Neuregulin-1 (NRG1) is produced by coronary endothelial cells and bind to ErbB4 receptors on cardiomyocytes, prompting its interaction with HER2/neu (ErbB2) and triggering of downstream effectors such as focal adhesion kinase (FAK) that are involved in sarcomere organization and cell survival [171]. Antagonism of HER2 with the monoclonal antibody trastuzumab in addition to chemotherapy increased the risk of cardiac fourfold compared to chemotherapy alone, despite an overall oncologic and survival benefit [172]. NRG-1β levels increase with heart failure class and predict transplant-free survival [173]. In a small clinical trial, daily infusion with a recombinant human NRG-1 for 11 days produced beneficial acute hemodynamic effects (significant reductions in pulmonary capillary wedge pressure, systemic vascular resistance, and serum levels of norepinephrine and aldosterone; and increased cardiac output) and a sustained 12 % increase in LV ejection fraction at 3 months [174].

Micro-RNAs (miRs) are noncoding molecules, 18 to 25 nucleotides in length, that silence expression of specific genes by binding to complementary segments of messenger RNA, targeting them for degradation and/or inhibiting their translation [175]. Studies comparing human heart failure and animal models have found concordance in the upregulation of mir-24, -195, 199a, and 214 in response to cardiac stress [176].

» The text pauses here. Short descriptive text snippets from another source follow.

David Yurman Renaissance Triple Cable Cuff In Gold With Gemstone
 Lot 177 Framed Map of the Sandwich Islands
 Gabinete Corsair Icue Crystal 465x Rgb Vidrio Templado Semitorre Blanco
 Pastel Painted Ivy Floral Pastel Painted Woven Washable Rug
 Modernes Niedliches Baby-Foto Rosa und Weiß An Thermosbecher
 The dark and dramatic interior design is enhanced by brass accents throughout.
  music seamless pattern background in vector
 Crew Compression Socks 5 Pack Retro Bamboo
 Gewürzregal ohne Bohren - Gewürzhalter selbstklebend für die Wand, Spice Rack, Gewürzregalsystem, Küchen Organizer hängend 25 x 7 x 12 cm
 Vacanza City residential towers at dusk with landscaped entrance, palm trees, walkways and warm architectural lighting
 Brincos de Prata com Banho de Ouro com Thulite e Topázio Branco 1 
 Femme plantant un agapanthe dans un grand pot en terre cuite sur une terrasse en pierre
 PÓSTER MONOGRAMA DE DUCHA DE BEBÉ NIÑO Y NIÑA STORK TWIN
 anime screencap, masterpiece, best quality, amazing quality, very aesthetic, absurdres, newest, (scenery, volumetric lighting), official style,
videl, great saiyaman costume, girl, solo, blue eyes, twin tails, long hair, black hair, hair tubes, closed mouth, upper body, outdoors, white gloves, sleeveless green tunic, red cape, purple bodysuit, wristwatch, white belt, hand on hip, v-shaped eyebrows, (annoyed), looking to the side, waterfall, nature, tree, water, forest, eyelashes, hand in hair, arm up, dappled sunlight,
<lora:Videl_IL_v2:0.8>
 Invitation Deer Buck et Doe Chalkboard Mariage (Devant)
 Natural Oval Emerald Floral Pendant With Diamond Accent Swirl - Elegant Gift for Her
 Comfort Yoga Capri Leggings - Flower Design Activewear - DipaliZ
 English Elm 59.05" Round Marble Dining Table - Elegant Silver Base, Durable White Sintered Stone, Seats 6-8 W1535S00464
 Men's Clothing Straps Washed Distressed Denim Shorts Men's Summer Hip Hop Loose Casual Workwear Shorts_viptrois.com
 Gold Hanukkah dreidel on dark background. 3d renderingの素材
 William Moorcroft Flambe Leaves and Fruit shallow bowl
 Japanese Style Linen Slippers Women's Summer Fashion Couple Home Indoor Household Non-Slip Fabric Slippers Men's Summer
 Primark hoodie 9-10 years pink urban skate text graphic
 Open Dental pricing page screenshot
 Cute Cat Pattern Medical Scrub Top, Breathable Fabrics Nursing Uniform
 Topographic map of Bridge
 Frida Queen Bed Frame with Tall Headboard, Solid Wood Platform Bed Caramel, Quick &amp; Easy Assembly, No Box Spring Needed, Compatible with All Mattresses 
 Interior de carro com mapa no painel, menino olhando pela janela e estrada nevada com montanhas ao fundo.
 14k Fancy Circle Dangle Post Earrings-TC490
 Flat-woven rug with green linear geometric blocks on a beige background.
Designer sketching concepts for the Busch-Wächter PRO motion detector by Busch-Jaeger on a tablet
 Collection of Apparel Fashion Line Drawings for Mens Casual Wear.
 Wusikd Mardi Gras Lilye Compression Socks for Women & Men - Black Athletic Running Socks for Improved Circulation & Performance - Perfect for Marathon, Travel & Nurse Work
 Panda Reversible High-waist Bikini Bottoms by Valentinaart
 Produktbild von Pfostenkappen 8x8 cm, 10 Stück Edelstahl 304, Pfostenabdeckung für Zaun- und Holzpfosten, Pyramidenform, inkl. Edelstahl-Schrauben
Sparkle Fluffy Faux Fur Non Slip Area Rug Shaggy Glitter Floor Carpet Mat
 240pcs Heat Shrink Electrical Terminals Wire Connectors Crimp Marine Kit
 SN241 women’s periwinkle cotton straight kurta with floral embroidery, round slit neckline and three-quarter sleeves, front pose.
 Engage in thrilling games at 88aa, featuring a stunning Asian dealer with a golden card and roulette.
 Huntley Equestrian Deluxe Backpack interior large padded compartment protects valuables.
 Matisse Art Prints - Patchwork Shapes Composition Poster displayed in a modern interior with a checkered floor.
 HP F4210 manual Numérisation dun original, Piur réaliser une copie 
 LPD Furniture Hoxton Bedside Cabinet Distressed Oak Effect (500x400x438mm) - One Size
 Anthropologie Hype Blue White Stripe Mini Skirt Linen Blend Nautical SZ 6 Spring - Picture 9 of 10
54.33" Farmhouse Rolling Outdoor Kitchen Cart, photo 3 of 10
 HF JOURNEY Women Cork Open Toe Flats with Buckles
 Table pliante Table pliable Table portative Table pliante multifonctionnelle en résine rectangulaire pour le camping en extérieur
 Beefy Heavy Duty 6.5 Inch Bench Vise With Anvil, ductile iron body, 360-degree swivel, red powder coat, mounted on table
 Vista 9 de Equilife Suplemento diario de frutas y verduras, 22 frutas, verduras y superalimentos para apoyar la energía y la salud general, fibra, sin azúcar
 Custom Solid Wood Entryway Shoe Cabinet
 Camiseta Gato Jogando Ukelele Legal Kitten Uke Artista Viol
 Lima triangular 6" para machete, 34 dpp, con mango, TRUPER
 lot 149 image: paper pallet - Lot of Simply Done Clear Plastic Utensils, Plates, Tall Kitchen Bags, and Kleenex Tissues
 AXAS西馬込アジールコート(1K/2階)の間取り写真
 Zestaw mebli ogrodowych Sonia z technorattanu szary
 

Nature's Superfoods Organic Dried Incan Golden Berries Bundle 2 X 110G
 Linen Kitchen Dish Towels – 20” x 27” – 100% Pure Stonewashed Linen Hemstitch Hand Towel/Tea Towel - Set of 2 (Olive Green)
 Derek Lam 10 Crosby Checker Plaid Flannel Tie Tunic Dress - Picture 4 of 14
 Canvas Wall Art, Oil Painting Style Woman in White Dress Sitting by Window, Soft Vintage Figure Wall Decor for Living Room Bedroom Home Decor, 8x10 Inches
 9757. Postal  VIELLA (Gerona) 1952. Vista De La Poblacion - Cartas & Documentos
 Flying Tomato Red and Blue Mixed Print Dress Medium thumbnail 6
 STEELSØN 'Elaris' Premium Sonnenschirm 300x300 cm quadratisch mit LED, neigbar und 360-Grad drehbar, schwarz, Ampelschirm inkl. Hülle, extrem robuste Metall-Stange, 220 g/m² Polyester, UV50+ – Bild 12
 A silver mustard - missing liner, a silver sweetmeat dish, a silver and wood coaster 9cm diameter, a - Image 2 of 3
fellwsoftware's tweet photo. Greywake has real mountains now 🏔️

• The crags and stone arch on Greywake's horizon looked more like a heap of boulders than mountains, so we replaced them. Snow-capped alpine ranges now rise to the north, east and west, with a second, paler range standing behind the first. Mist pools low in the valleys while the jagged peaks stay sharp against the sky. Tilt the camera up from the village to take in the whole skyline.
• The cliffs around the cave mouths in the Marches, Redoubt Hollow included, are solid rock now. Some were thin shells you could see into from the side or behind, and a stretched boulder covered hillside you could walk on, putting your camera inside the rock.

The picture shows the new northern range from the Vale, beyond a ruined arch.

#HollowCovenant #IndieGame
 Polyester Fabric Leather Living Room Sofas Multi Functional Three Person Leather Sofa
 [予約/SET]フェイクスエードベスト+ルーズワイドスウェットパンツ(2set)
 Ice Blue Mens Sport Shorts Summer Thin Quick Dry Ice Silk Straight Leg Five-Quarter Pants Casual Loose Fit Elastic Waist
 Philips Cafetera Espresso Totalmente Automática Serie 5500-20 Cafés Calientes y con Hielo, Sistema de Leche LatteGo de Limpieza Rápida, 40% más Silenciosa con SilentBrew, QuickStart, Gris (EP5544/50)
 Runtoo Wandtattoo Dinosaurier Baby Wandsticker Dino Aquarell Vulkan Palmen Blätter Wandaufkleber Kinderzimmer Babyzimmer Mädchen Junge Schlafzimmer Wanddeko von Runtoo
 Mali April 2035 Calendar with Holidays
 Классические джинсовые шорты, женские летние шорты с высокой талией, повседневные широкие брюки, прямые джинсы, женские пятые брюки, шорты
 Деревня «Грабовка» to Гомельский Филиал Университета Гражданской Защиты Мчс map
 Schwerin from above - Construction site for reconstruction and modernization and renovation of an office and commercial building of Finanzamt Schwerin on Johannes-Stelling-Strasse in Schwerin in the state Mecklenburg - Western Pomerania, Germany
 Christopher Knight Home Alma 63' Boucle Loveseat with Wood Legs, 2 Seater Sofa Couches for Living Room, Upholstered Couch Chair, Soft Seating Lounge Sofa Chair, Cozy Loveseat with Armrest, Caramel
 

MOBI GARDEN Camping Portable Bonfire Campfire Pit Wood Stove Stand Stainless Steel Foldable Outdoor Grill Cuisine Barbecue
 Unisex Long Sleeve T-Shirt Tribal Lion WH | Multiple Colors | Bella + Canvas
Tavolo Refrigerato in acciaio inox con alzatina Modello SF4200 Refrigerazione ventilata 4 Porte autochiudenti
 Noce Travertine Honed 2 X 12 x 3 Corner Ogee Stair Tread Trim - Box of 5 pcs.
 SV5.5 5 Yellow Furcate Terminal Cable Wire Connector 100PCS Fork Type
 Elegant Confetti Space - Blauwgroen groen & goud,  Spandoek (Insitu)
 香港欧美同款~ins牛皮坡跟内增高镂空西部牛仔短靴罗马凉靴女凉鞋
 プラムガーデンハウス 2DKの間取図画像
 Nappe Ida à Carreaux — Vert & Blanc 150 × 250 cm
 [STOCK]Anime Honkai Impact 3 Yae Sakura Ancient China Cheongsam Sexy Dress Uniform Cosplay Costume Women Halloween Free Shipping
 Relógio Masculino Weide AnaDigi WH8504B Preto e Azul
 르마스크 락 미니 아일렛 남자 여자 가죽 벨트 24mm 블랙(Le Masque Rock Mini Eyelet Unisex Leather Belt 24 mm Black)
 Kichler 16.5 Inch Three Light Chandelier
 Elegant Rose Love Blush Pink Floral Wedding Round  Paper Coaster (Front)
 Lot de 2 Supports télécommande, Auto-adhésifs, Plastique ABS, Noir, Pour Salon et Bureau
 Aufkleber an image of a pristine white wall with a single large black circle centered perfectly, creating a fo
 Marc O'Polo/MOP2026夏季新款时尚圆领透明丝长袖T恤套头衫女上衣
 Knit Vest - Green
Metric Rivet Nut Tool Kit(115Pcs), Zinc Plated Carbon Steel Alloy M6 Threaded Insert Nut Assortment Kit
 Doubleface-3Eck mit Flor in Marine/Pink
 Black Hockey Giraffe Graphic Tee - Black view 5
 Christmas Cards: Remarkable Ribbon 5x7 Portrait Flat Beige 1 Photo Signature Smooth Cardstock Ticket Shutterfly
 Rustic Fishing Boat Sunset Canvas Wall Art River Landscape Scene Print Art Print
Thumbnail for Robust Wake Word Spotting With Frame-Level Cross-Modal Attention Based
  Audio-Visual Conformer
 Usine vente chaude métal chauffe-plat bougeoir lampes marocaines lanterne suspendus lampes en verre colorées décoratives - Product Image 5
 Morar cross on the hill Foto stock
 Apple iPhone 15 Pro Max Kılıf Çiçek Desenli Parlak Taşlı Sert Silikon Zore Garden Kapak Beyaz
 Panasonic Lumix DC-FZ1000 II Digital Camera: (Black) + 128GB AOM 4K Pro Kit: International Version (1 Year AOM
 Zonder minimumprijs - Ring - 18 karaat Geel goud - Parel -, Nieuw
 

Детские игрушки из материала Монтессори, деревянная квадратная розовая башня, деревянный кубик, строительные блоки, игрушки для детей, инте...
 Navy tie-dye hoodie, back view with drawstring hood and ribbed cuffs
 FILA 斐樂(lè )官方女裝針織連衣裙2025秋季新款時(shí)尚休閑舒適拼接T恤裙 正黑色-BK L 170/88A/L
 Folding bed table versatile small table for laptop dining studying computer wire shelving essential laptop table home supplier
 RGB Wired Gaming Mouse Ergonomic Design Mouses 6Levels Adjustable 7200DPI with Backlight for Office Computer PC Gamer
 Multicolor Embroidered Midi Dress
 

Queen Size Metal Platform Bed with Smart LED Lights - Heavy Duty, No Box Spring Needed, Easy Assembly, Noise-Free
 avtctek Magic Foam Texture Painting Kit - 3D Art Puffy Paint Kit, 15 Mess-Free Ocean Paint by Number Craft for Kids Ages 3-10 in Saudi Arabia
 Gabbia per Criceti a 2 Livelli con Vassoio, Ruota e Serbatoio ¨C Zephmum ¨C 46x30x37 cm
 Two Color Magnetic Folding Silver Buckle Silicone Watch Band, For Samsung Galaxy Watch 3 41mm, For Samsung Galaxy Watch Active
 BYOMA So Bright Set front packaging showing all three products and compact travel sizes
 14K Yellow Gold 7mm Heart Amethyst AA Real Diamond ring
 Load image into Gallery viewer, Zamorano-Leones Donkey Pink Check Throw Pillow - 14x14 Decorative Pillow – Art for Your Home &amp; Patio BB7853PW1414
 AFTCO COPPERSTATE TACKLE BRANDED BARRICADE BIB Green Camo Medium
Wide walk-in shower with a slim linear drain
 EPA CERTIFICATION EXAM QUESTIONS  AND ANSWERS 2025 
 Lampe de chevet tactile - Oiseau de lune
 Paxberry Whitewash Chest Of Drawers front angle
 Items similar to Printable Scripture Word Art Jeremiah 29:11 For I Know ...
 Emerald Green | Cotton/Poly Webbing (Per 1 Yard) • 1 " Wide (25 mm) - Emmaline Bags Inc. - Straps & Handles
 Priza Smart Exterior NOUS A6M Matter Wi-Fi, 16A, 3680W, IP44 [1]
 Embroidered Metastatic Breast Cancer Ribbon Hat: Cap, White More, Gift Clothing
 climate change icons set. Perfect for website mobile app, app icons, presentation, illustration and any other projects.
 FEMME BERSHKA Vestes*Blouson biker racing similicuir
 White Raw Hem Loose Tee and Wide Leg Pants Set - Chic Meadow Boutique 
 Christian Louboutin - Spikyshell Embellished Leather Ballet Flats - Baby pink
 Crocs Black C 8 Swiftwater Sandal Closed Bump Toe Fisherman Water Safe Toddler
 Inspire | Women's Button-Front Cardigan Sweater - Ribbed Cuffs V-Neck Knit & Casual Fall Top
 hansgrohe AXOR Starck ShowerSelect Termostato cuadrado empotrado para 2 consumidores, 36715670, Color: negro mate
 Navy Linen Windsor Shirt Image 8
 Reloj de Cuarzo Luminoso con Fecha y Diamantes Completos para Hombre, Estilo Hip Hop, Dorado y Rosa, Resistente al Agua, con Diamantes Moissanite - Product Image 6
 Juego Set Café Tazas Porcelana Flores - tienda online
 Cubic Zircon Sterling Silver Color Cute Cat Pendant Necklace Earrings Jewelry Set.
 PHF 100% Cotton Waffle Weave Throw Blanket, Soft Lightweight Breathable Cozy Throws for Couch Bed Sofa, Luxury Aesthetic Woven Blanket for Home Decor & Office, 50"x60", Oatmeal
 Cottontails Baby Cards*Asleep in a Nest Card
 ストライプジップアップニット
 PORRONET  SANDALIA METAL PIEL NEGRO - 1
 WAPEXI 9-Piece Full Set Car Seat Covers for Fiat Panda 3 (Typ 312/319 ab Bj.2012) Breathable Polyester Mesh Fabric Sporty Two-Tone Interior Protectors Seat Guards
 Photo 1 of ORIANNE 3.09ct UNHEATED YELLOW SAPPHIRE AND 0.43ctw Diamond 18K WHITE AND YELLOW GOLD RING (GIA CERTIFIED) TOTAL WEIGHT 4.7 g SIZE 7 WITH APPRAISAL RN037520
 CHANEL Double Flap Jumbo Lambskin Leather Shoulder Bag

MiRs have been found to circulate stably in blood [177]. MiR-423-5p is increased in the failing human heart; plasma levels distinguish heart failure patients from healthy controls and patients with dyspnea not due to heart failure and correlated with N-terminal-pro-BNP [178]. A small clinical study demonstrated that a combination of serum levels of miR-423-5p, -320a, -22, and -92b could differentiate between heart failure patients and controls, although the interpretation is limited by significant differences between the groups in drug treatment and the prevalences of diabetes and chronic kidney disease [179]. In a separate study, miR-423-5p showed no significant differences among patients with transposition of the great arteries and a failing systemic right ventricle after atrial repair and sex- and age-matched health controls [180]. The logarithm of plasma miR-126 concentration negatively with log[BNP], declined with worsening NYHA class, and increased with clinical improvement [181]. Plasma levels of miR-499 were elevated after acute MI and viral myocarditis and during acute heart failure [182].